Racines croisées #4 | Jour de fête
November 17, 2025•603 words
RACINES CROISÉES | FEUILLETON FAMILIAL
Il n’est qu’un seul point fixe où l’homme soit vraiment lié, ailleurs il passe. Bernard Charbonneau, Le Jardin de Babylone.
Précaution d’usage : Tout ici est imaginaire, surtout le réel. [Avis aux férus d’histoire et de généalogie]
Quatrième épisode : Jour de fête
Qui a vu et garde en mémoire le film – inoubliable – de Jacques Tati, sorti en 1949 [1], aura le décor et l'ambiance d'un de ces jours de fête que connaissait naguère toute bourgade et qui perdure ici et là. À côté de la fête patronale, annuelle, il y avait la litanie des fêtes du calendrier, dont certains jours fériés, et de manifestations plus locales ou régionales telles que la Saint Nicolas, dans le nord et l'est de la France. Plus récemment se sont ajoutées des fêtes thématiques, fête des mères, fête de pères… Mais toute fête reconnue ne crée pas pour autant son jour de fête. Rituel religieux, rituel civil, au premier, notamment Pâques et Noël, au second, le 14 juillet, bien évidemment, en France.
TOUCHE PAS À MON 14 JUILLET
Jour de fête, jour sacré. Il me revient qu'enfant – avais-je 6, 7 ou 8 ans ? –, c'était un jour de fête, et ce ne pouvait être qu'un 14 juillet car c'était l'époque des moissons, tant dans la plaine que sur le plateau du Chemin-des-Dames [voir les deux épisodes précédents]. Mon bourrelier-sellier de grand-père était fortement sollicité car, outre les attelages, les tracteurs étant déjà là, il y avait les moissonneuses mécaniques qu'il fallait entretenir, combinaisons complexes de courroies de cuir fortement sollicitées. Mais, ouf, tout allait bien en ce jour de fête nationale, où l'on avait invité, en ce bel été, les familles, tant du Nord que de la région parisienne, logeant au choix dans l'un des deux hôtels-restaurants voisins, et concurrents, "Le Cheval d'Or" et "Le Cheval Blanc" ; la maison trop exiguë n'offrant qu'une ou deux modestes chambres.
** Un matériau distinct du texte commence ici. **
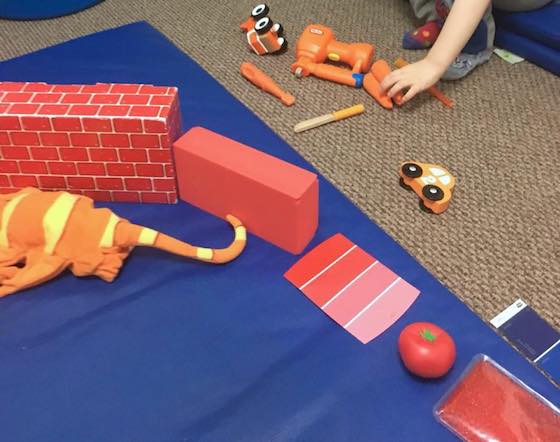 making rainbow from coloured toys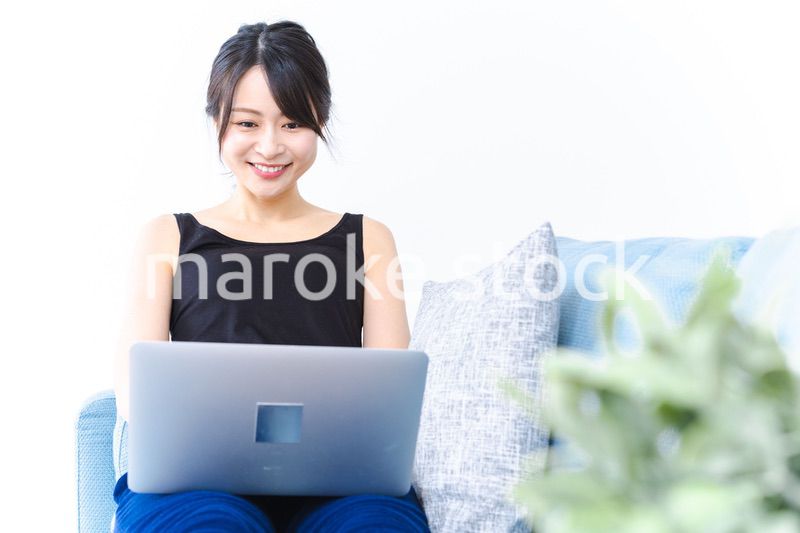 笑顔でパソコンを使う若い女性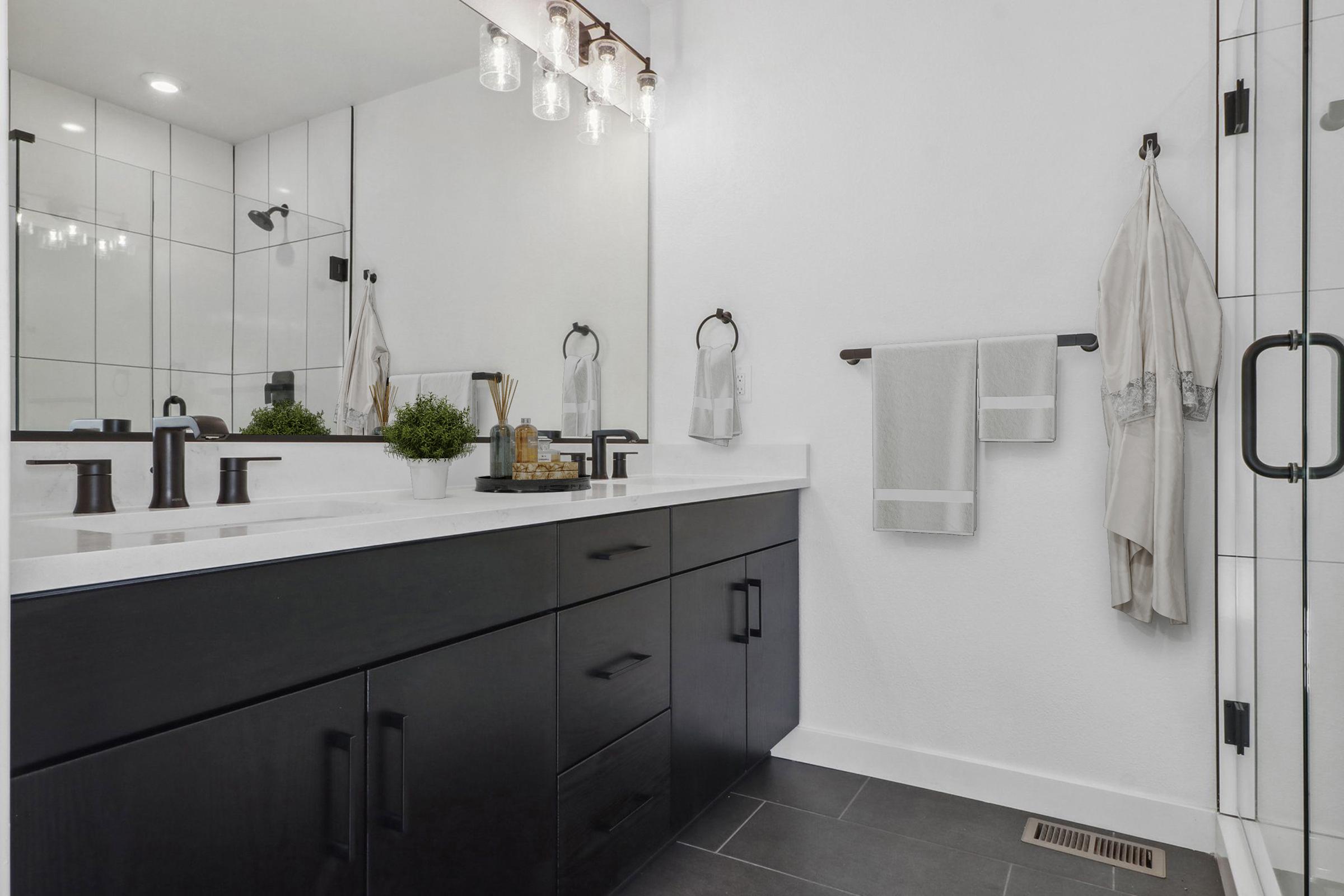 A modern bathroom featuring sleek black cabinetry, a spacious white countertop, and a large mirror. The decor includes stylish lighting fixtures and neatly arranged towels. A small plant adds a touch of greenery to the minimalist design, while the overall aesthetic is contemporary and monochromatic.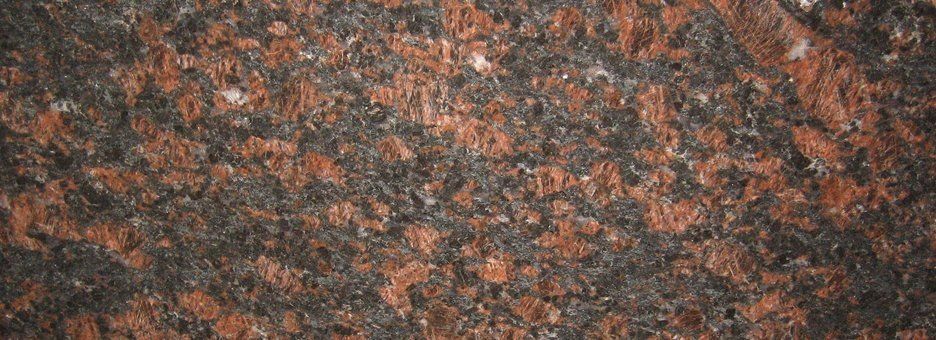 A close-up of a polished granite slab with a mottled pattern of dark charcoal, reddish-brown, and white minerals.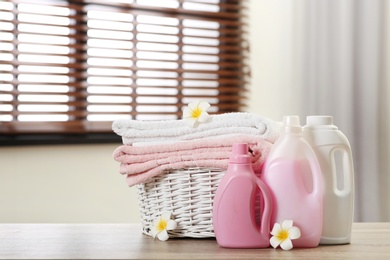 Photo of Clean towels in basket with flowers and detergents on table indoors. Space for text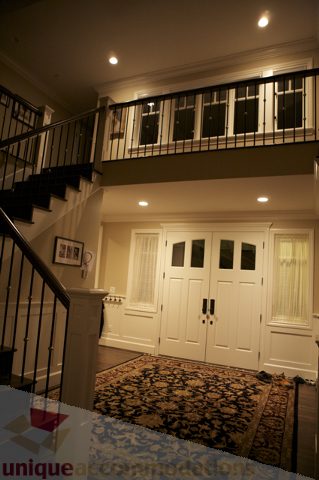 Staircase leading to upper level with black railings and white trim. - 3781 Bayridge Ave, West Vancouver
Tout allait bien, le grand-père reprenait souffle, installé sur la terrasse de fortune que "La Cheval d'Or" avait ouverte, en face, devant le monument aux morts, par défaut de place sur son trottoir adjacent. Tout allait bien, les hommes échangeaient entre eux, offrant à tour de rôle, tournée de pernod, du "45", sur tournée de pernod. Les femmes papotaient, sirotant un porto, ma grand-mère au centre, pour une fois dégagée des obligations de cuisine. Jour de fête oblige, et manque de place à la maison, on avait réservé une grande table au restaurant de l'hôtel. Les enfants jouaient entre les tables, les chaises, les tilleuls environnants. Tout allait bien.
Catastrophe ! Un fermier arrive, tout excité, cherche, demande le grand-père : il faut aller de toute urgence à La Royère, sur le plateau, la moissonneuse-batteuse-lieuse est en panne, la courroie principale de transmission a cédé. Il faut la réparer ou la changer. La moisson bat son plein, on ne peut attendre demain…
Le grand-père se lève blême, se tait, balbutie, rugit : "Ah non ! Pas le 14 juillet !" … Et puis, il faut bien monter là-haut sur le plateau… comme en 14. Tant pis… Et pour une fois, la réparation effectuée, on retournera au restaurant le soir, pour dîner.
"Saint Vincent dans tous ses états", nous y viendrons à l'épisode suivant.
VincentSteven
[1] Avis aux amateurs-trices, "Jour de fête" est visionnable ☛ ICI [vidéothèque personnelle, entrer le code : tati] dans sa version couleur reconstituée, 79 minutes.